Professional guides seldom speak in the first person. They will not tell us that, as children, they heard of ghosts prowling the crossroads where, according to elderly female neighbours, a church used to be a long time ago. How long ago? – very long. A resident guide will add that the foundations of the church have indeed recently been discovered there. ‘Well, you don’t say!’ the surprised tourist will answer.

The group are walking behind a stocky man with a moustache. They stop when Mr Zygmunt, a retired miner, greets his neighbour. The neighbour will gladly show everybody how he built in a shower cubicle in an old building where, just like in miners’ houses from the turn of the century, there were no bathrooms. Another neighbour will open the shed where he stores an old copper for warming bath water. The visitors’ children like a bathroom dating back to over 50 years ago.

Mr Marek shows visitors round armed with a family album, ‘This is my sister in the nursery school for miners’ children at the beginning of the ‘50s.’ ‘It was as early as August that I sat down on the stairs and cleaned my skates to get them ready to go down that hillock, come winter. There were few of us who had skates, I was so proud to have them.’ There is an old, fine house in the market square in Alwernia, and next to it the street slopes down steeply. It was perfect for skating in winter, half a century ago.

Another woman from a mining town tells the story which will make tourists remember that Silesia is Silesia, and Malopolska is a world apart, even if it is just across the Vistula river. ‘A bicycle was a precious possession, children didn’t normally have their own bikes but they wanted to learn to bike. I learned it owing to housewives who cycled to Brzeszcze from Wola or Góra, villages across the river, in Silesia. They crossed by bridge or ferry. Then they cycled to Stara Kolonia to sell butter, eggs and cheese. When they left their bikes leaning against house walls and set off to sell their products round the houses, the news spread among children, ‘the Prussian woman has arrived by bike!’ It was time to use the opportunity and do a few circles quickly, so that the owner didn’t notice. Usually, it worked but later she probably wondered how come her wheels were decentred…’

In Poland there is no state organisation for non-professional guides, which would support them (eg. through training). The reason is probably that professional guides are afraid of competition and that voluntary work for local communities is still not popular with us.

Amateur guides provide complementary services to those of professionals. They tell their stories in the first person and they hold personal and community experience above solid historical facts.
When we visit historic sites with professionals, we look at them from a different perspective than while strolling around the town with local residents. The latter are indispensable in the localities where we cannot find professional guides, i.e. in the majority of small towns and villages.

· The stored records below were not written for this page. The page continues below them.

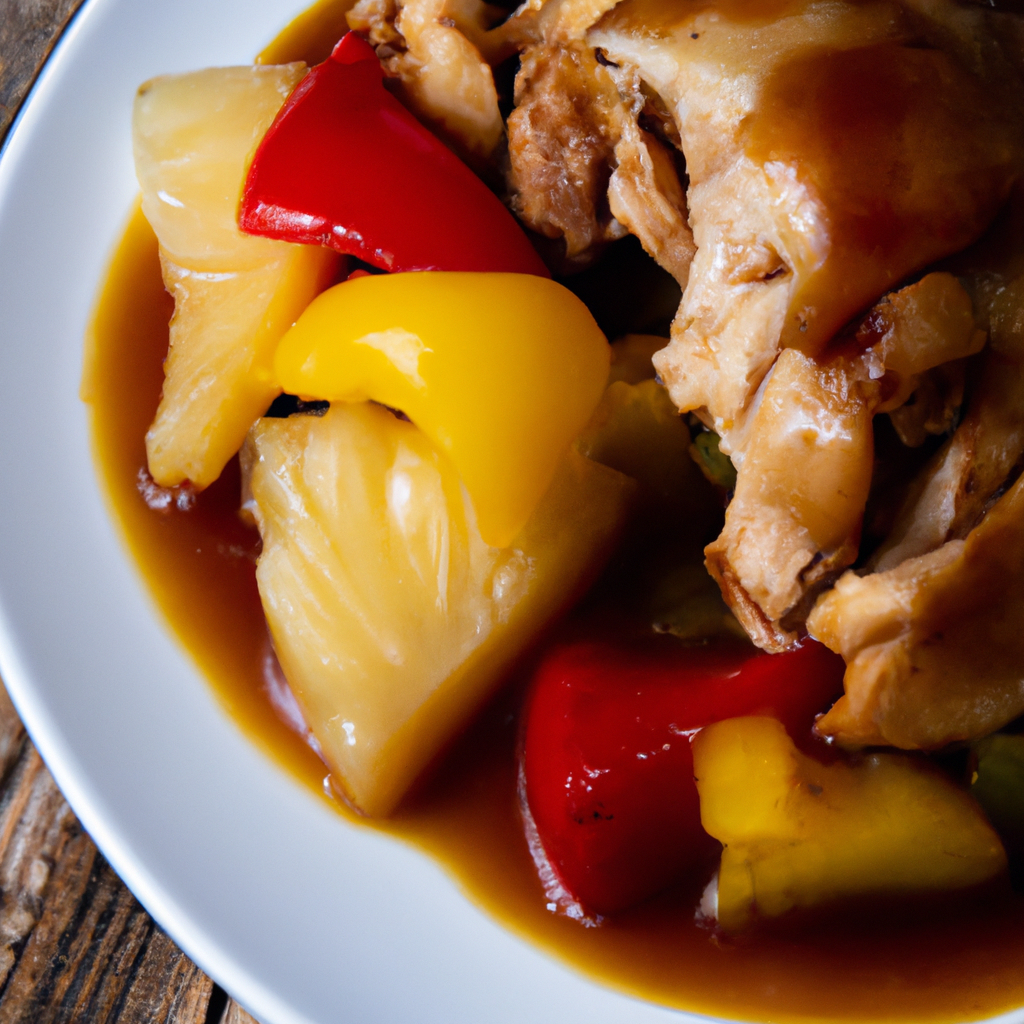 An image showcasing a tender chicken thigh, glazed with a glossy teriyaki sauce, surrounded by vibrant chunks of pineapple and colorful bell peppers, all simmering slowly in a warm, inviting slow cooker
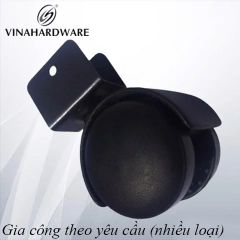 Bánh xe tủ đế U Vinahardware loại 23mm, đường kính 50mm, có khóa, màu đen CTU8231-CTU8231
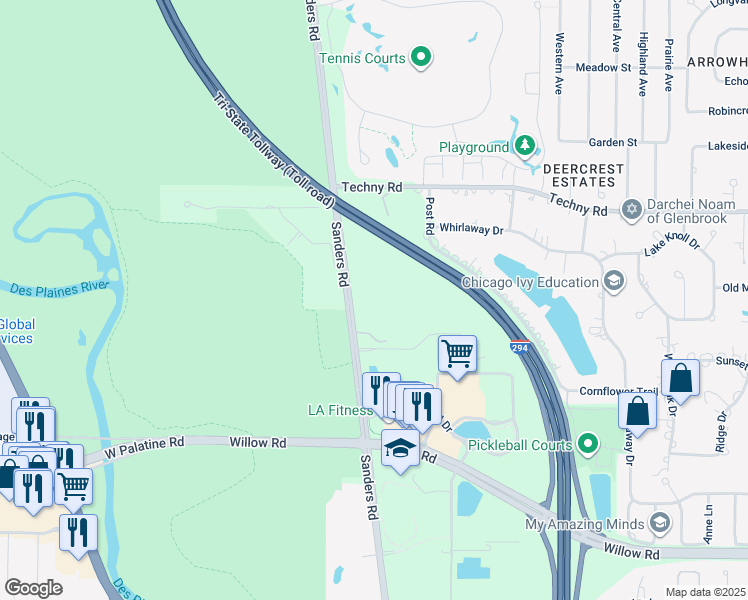 map of restaurants, bars, coffee shops, grocery stores, and more near 2215 Sanders Road in Northbrook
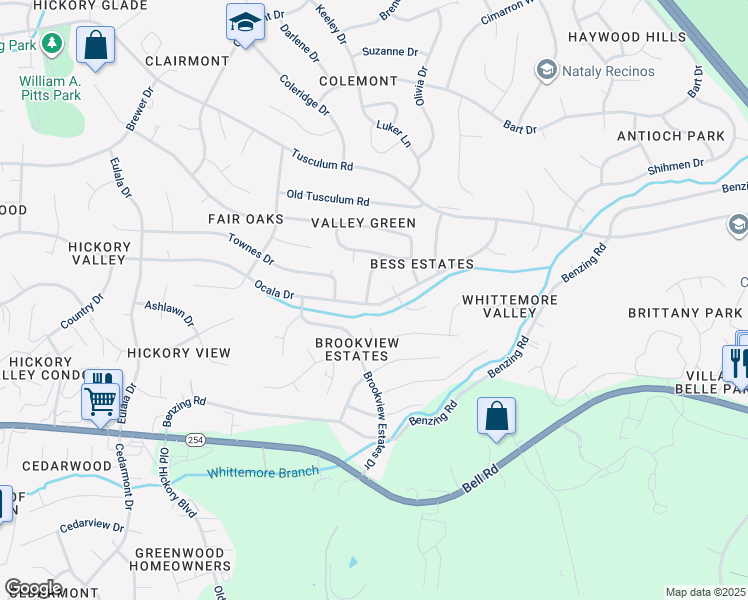 map of restaurants, bars, coffee shops, grocery stores, and more near 153 Ocala Drive in Nashville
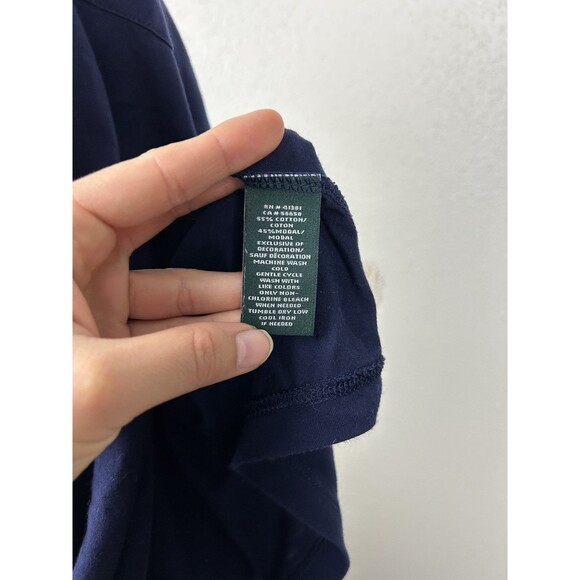 Lauren Ralph Lauren Cotton Blend Navy Blue Preppy Short Sleeve Crewneck Tee -Med - Picture 6 of 7
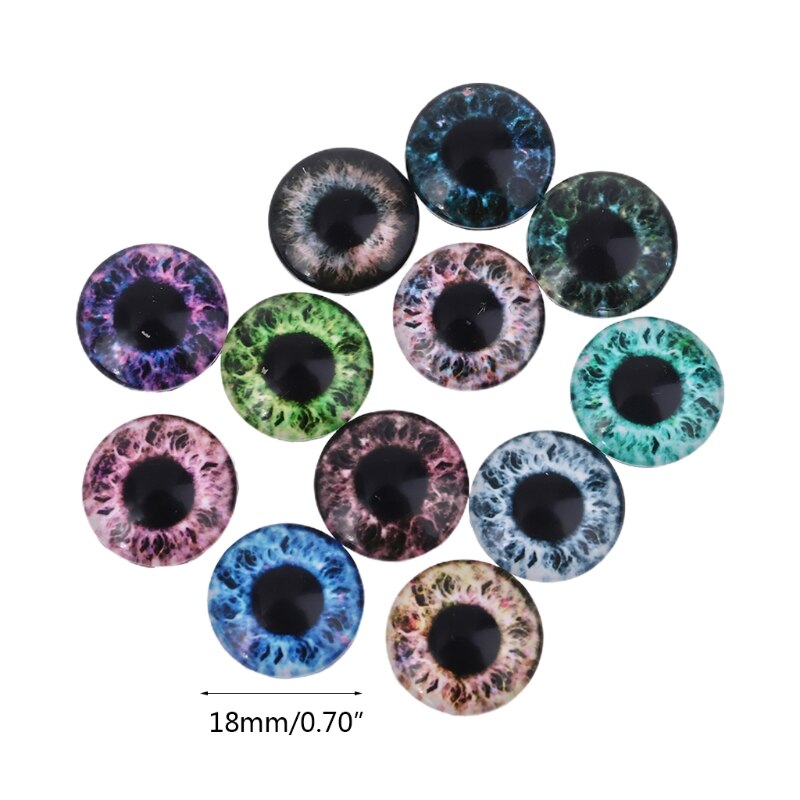 20 sztuk szklane lalki oko DIY rzemiosło gałki oczne dla zwierząt dinozaurów oczy akcesoria B2QD: 5AC105205  18mm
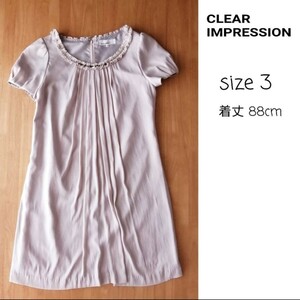 CLEAR IMPRESSION パフ袖ワンピースドレス　38　M L
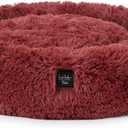Nicole Miller NEW YORK PET Ellie Fuzzy Solid Donut Pet Bed, Plush, Cozy & Calming, Non-Slip Bottom, 100% Machine Washable, Burgundy Rose, Medium 28"x28"x7" Round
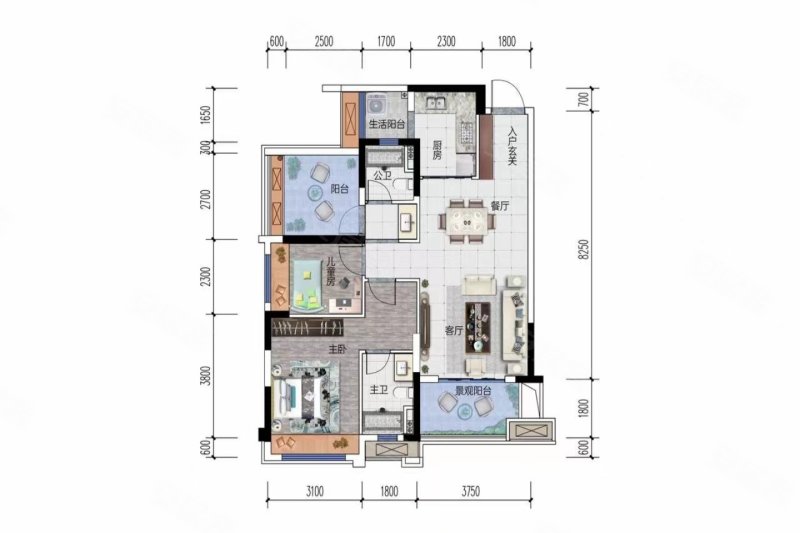 中科怡璟2室2厅2卫96㎡南110万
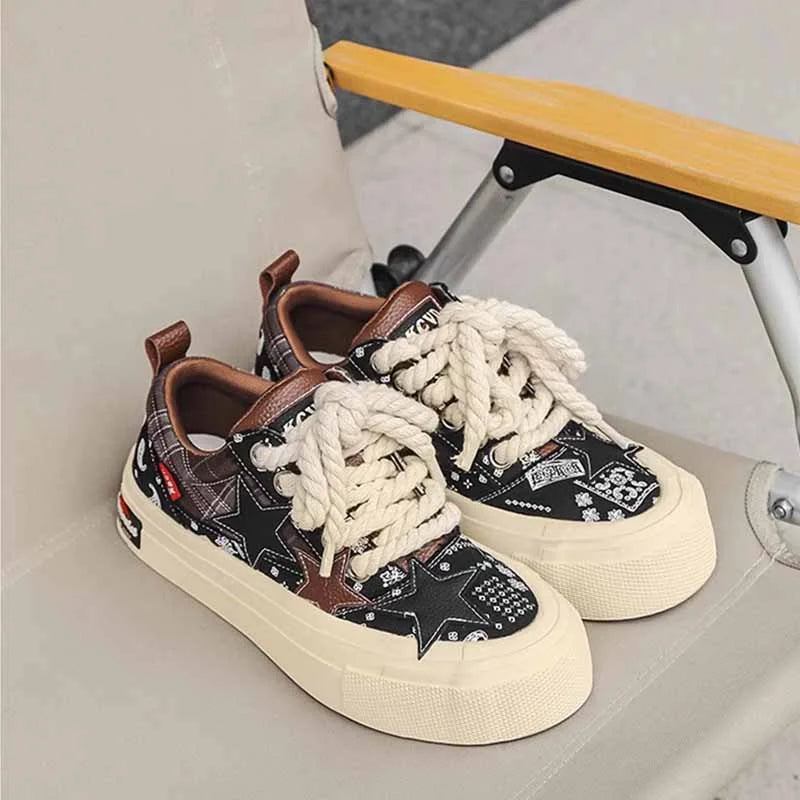 Cashew flower denim star canvas shoes - 23400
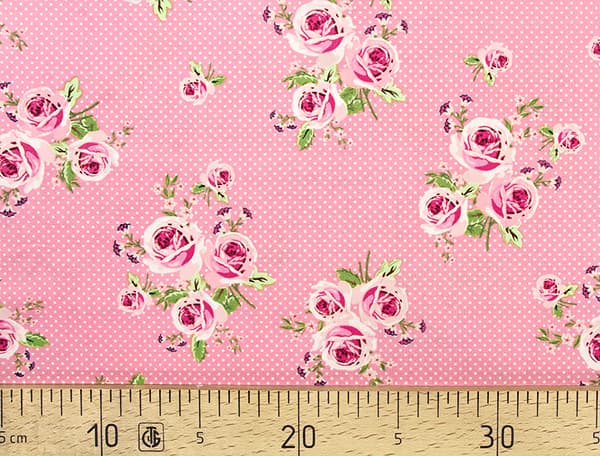 Ткань Gütermann Summer Loft (розы на розовом/белый мелкий горох) undefined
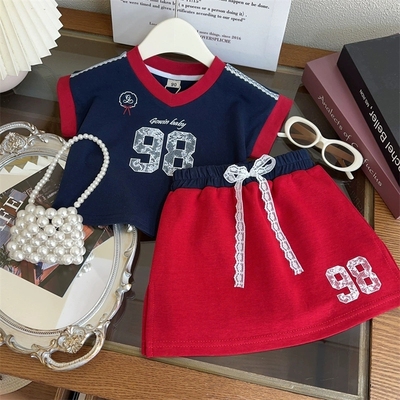 2025夏季女童印花短袖裙裤套装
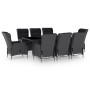 Set comedor jardín 9 pzas cojines ratán sintético gris oscuro de vidaXL, Conjuntos de jardín - Ref: Foro24-3060138, Precio: 2...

In their places, resident guides are supported by local cultural institutions, mostly libraries. In bigger towns with municipal museums, they form groups of volunteers (friends of the museum) at these institutions and often provide complementary offer. In smaller localities with no institutions that employ professional guides, they are factually supported by libraries or community centres. As regionalists, they often belong to associations which cultivate local culture and traditions. They are frequently appreciated and awarded prizes by local authorities which take their opinions into account in the social dialogue. They do not tend to have stage fright in contact with the media. They offer their private time and energy. They show tourists family mementoes. They let themselves get drawn into discussions and get a hoarse voice because they are not used to speaking for so long. They are fond of tourists. They are fond of their fellow citizens. Most of all, however, they are fond of their town, monastery, park or district. 

In the 12th edition of the Malopolska Days of Cultural Heritage we can meet resident guides while visiting Stara Kolonia – a miners’ housing estate in Brzeszcze (district of Oświęcim) and Alwernia (district of Chrzanów).